Posted by Simona Bisiani on April 18th, 2022

Data journalism as an academic discipline is relatively new, emerging upon the increased usage of the term to refer to journalism driven by data. In a recent article by DataJournalism.com, they spoke to two academics - Bahareh Heravi (University College Dublin) and Florian Stalph (Ludwig-Maximilians-Universität München) - about the size of the community involved in it. Dr Heravi noted that the opportunity to engage in data journalism research was until recently challenged by the limited existence of graduate programmes with a focus on the subject. As many Master programmes specialising in data journalism have emerged in the last five years, I can then expect the number of PhD students researching data journalism to grow in the near future. This understanding of data journalism as an emerging academic specialisation resonates with Dr Stalph's personal experience of asking his supervisor for the opportunity of doing his Master's thesis on data journalism, which then led him to devolve his PhD studies to it.
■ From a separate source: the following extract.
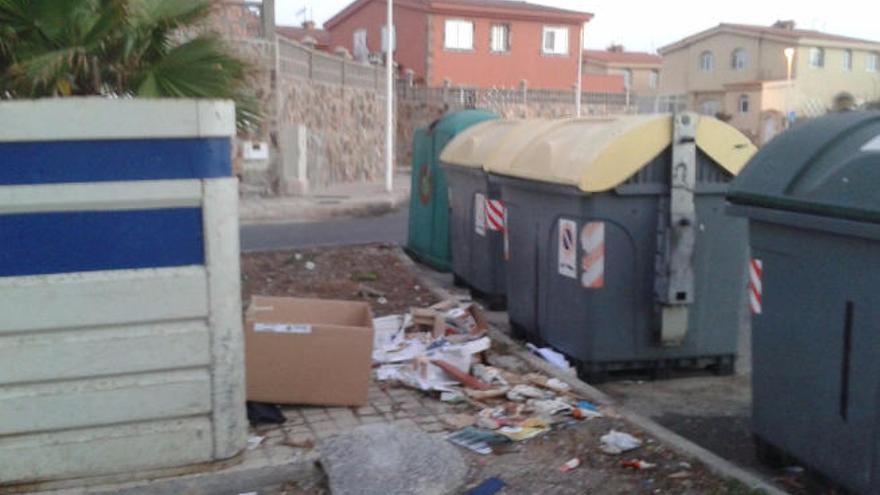 Quejas vecinales por la basura sin recoger en Hoya Pozuelo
The fact that data journalism studies is an emerging discipline might suggest then that the community involved in it is pretty small - but is this really the case? At the same time its importance within the wider framework of journalism research is unmeasured - is there a way to capture the resonance of data journalism within journalism academic literature? With these questions in mind, I decided it was time to get my hands on some data about data journalism literature. I set out to understand different aspects of it, tackling even more questions, such as: which are the most influential papers, and the authors behind them? Are there a lot of collaborations? For how long have researchers been writing about data journalism?

In this article, I explore those questions using Google Scholar data on data journalism studies. I chose Google Scholar as it acts as a popular point of access to academic literature, regardless of institutional credentials, with easy-to-collect metadata about the results of search queries. This way I were able to gather data that provides a good overview of the literature on data journalism. I pulled a search query aimed at capturing the 980 most influential pieces of academic literature on data journalism (see our Methodology section below for more information). I also ran a generic journalism query, that I used to see the relationship between the parent field and the sub-discipline. A little reminder: the analysis that follows should be understood as an exploration of the most influential papers about the field, rather than the academic field in its entirety.

Time

One thing I wanted to capture was the time factor: knowing data journalism is a rather new discipline, for how long have papers about it been produced? And where can I find the most influential papers? One expectation is that, within the "lifetime" of a field of research, some papers have become iconic. This can be the objective reflection of the quality and relevance of that paper for the field, or perhaps the unintended consequence of a "rich get richer" effect: popular papers become even more popular as a result of the signalled importance they emanate through elements just as citations and rank. Another possible explanation is that the earliest papers might also be the most important ones for the field, laying the foundations for data journalism studies.

So I plotted it: the data tells us that most of the top influential literature on data journalism is also the most recent. This is an interesting fact, as it suggests that newest research has a better chance to make it to the top, despite potentially a larger number of papers being produced. It could also mean that many novel papers are groundbreaking - which, being data journalism evolving hand in hand with digitization might not be so strange. But this could also hint to us that a core body of literature about data journalism might still be forming. And yet another possible explanation could be that many papers published in the last few years are the result of better funded research, the result of increasing importance allocated to the field of data journalism.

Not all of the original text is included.